«Клятва Горациев» (1784)
- 02.02.2018 09:26
- 2637
Знаменитое полотно французского живописца Жака Луи Давида - картина, являющаяся не только украшением и своеобразной визитной карточкой знаменитого парижского Лувра, но прежде всего оживленным живописным носителем фашистского, патрицианского духа арийско-римского архетипа латинов. За её основу Давид взял легендарный сюжет Тита Ливия о войне между Римом и его городом-соседом Альба-Лонга, кровно являвшегося родственным для древних римлян. Опасаясь резкого ослабления обеих армий и сокращения их численности в грядущей битве перед лицом их общего врага в лице этрусков, консул Альба-Лонга Мет Фуфетий и царь Рима Тул Гостилий жребием решили выставить трех представителей от своих патрицианских семей: Горациев от Рима и Куриациев от Альба-Лонга, чтобы в их битве определить победителя всей войны.
Трехчастная составляющая картины, выделенная Давидом тремя арками на втором плане - это жизнь и трагедия семьи Горациев. В её центре отец, разделяя собой два противоположных друг другу полюса, протягивает клинки трем своим сыновьям, которые, взявшись друг за друга в едином порыве, произносят жестом клятву, вскинув руки к оружию в римском салюте, а справа, уже не обращая на них никакого внимания, их сестры и мать пребывают в убитом горем отчаянии. Взор сыновей обращен на отца, а отец указывает взглядом на мечи, соединяя через себя непоколебимую мужскую решимость молодых патрициев и необходимость исполнить приказ свыше. Трагедия женской, сентиментальной (настолько, насколько позволяет их нордическая «сентиментальность», впавшая в отчужденную меланхолию) стороны в том, что сестра одного из Куриациев была замужем за одним из братьев Горациев, а одна из сестер Горациев (белокурая девушка посередине) была повенчана с одним из Куриациев.
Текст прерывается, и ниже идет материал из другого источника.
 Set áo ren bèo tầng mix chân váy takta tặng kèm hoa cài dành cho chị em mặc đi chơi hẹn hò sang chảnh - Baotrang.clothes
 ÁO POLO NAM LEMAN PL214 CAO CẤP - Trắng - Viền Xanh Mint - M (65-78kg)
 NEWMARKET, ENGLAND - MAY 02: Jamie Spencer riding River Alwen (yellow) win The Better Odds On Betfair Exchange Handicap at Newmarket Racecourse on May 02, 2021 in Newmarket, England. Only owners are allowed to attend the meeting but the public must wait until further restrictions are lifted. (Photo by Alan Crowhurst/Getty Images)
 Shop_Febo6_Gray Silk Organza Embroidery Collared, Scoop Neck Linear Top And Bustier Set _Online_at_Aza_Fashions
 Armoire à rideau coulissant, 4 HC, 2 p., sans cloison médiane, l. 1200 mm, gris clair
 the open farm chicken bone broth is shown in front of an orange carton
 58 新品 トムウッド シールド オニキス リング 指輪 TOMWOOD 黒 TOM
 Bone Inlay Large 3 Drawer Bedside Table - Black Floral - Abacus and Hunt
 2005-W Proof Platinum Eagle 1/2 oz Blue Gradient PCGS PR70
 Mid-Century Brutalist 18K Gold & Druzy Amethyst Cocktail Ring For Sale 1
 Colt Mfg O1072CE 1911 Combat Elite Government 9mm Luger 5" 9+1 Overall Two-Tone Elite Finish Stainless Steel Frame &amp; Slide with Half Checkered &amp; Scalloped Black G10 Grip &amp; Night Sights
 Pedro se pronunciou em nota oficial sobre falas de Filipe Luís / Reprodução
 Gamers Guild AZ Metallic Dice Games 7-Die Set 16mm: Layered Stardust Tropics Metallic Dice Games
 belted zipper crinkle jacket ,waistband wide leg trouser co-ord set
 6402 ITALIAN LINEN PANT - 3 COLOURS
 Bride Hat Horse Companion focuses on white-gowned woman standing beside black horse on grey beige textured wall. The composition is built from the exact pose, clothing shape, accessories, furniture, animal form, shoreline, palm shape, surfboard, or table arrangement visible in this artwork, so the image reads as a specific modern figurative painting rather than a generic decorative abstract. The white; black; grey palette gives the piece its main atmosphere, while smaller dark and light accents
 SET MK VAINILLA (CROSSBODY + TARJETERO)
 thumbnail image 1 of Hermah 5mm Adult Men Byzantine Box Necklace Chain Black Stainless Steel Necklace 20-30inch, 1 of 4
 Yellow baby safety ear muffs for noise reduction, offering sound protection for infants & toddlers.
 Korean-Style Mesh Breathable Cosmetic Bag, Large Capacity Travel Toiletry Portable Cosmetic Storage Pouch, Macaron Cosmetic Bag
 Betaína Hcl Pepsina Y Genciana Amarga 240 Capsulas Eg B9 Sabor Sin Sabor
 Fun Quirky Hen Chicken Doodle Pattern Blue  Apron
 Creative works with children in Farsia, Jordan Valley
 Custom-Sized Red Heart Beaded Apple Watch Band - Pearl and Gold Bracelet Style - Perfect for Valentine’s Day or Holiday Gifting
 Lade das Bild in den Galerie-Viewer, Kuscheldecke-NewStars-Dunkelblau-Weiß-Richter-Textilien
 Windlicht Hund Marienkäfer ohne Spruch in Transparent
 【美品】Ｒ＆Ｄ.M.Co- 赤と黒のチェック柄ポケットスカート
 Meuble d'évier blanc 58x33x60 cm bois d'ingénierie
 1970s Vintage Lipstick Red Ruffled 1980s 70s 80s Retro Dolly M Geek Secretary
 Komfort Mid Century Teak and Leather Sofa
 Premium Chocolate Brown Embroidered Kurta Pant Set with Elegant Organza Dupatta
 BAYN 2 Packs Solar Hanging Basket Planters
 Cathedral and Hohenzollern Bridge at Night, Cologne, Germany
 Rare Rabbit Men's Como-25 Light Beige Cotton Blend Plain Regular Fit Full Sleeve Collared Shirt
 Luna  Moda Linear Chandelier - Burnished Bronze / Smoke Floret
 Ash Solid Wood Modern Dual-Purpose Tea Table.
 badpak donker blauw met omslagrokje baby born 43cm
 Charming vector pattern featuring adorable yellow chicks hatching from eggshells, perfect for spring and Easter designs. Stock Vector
В грядущей битве из шестерых бойцов уцелеет лишь один Гораций. Вернувшись в Рим, он, увидев свою сестру, оплакивающую убитого жениха, заколол её.
В свое время Иоганн Винкельман провозгласил задачу искусства содержать в себе сочетание «благородной простоты и спокойного величия» - тот образ спартанского «лаконичного» поведения, и именно то сочетание слов, которое лучше всего остального характеризует бессмертное полотно Давида.